Demonstration in Rio für die Freilassung von Rafael Braga. (Foto: Francisco Chavez)

Ein Wandbild von Rafael Braga Vieira. (Foto: Captain Boderline)

Ein Wandbild von Rafael Braga Vieira. (Foto: Captain Boderline)

Dieses Bild ist dem obdachlosen Rafael Braga Vieira gewidmet, der zu einer 5-jährigen Haftstrafe verurteilt wurde, weil er während einer Demo im Juni 2013 mit Putzmitteln im Rucksack aufgegriffen wurde. Die Polizei warf ihm vor, dass er Molotow-Cocktails bauen wollte. Am vergangenen Freitag hat Rafael Braga Vieira, 25, sein erstes Haftjahr hinter sich gebracht.

Der Hintergrund:

Es geschah am 20. Juni 2013 in Rio de Janeiro: Verschiedene Bürgerbewegungen hatten zu einer Großdemonstration gegen die bevorstehenden Mega-Sportevents in Brasilien aufgerufen. Ein Polizeigroßaufgebot rückte vor und verhaftete mehrere Personen, unter anderen einen jungen, schwarzen, obdachlosen Mann.

Name: Rafael Braga Vieira. Alter: 25 Jahre. Beruf: Sammler von Wertstoffen. Rafael wird der Prozess gemacht. Er wird bezichtigt Material zur Herstellung von Molotov-Cocktails mitgeführt zu haben. Und: Er wird zu fünf Jahren Zuchthaus verurteilt. Bei dem sichergestellten Material handelte es sich um zwei Plastikflaschen: Eine gefüllt mit einem Desinfektionsmittel, die andere mit sterilisiertem Wasser. Putzmittel, sagt Rafael Braga Vieira, der angibt, in keinster Weise an den Demonstrationen beteiligt gewesen zu sein. Beobachter bestätigen: Er hatte keinerlei ideologischen Bezug zu den Demonstranten. In die Demonstration war er nur zufällig hineingeraten. Er ist Analphabet und kennt weder den Namen der Präsidentin, noch den des Gouverneurs, noch den des Bürgermeisters von Rio. Sein einziges Vergehen: Er war zum falschen Zeitpunkt am falschen Ort.

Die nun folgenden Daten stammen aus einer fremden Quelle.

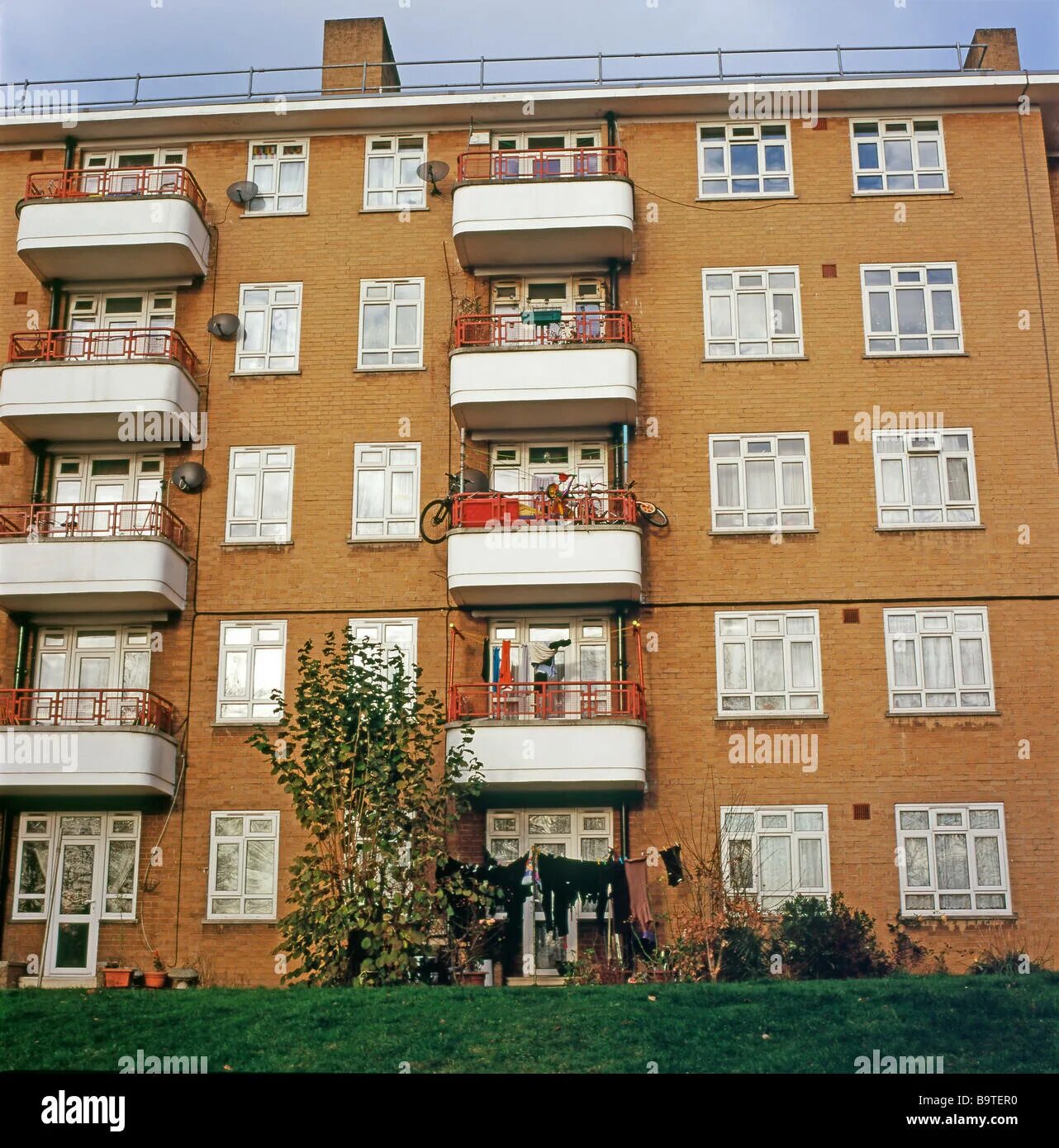 Block of flat перевод. London Block of Flats. Block of Flats in England. Building мы Block of Flats. Apartment Block British.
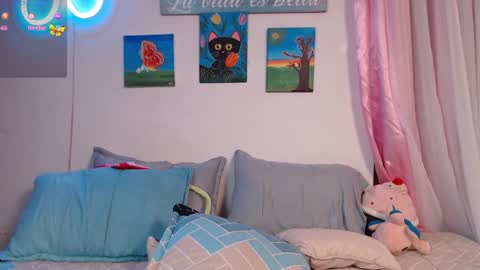 Snapshot of lailypink chatting on 12-21-24, 01:26 samanta online show from 12-21-24, 01:26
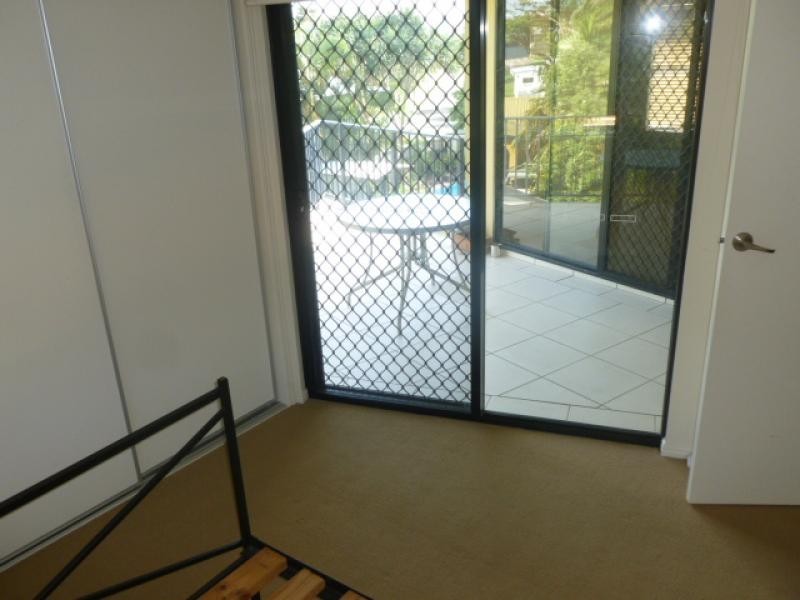 35 Oloway Crescent, Alexandra Headland QLD 4572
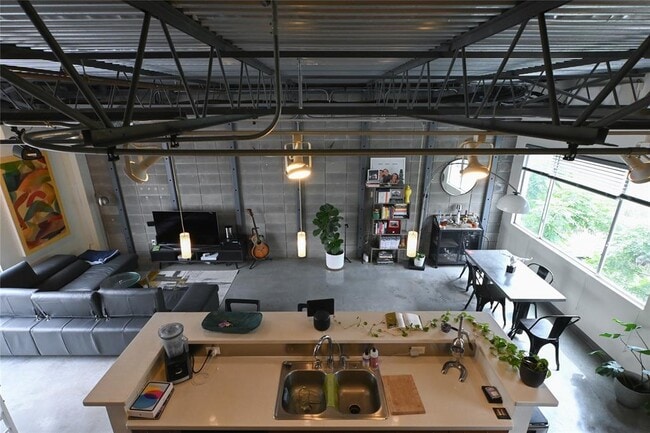 Building Photo - 4801 S Congress Ave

Die Verhaftung von Rafael stellt eine schockierende Verletzung der Menschenrechte dar, sagen diverse Organisationen der brasilianischen Zivilgesellschaft. Seit über einem Jahr sitzt er im Gefängnis von „Bangu 5“ in Rio und teilt sich eine Zelle mit 70 anderen Insassen. Zwei Stunden am Tag darf er die Zelle verlassen und im Innenhof seine Runden drehen.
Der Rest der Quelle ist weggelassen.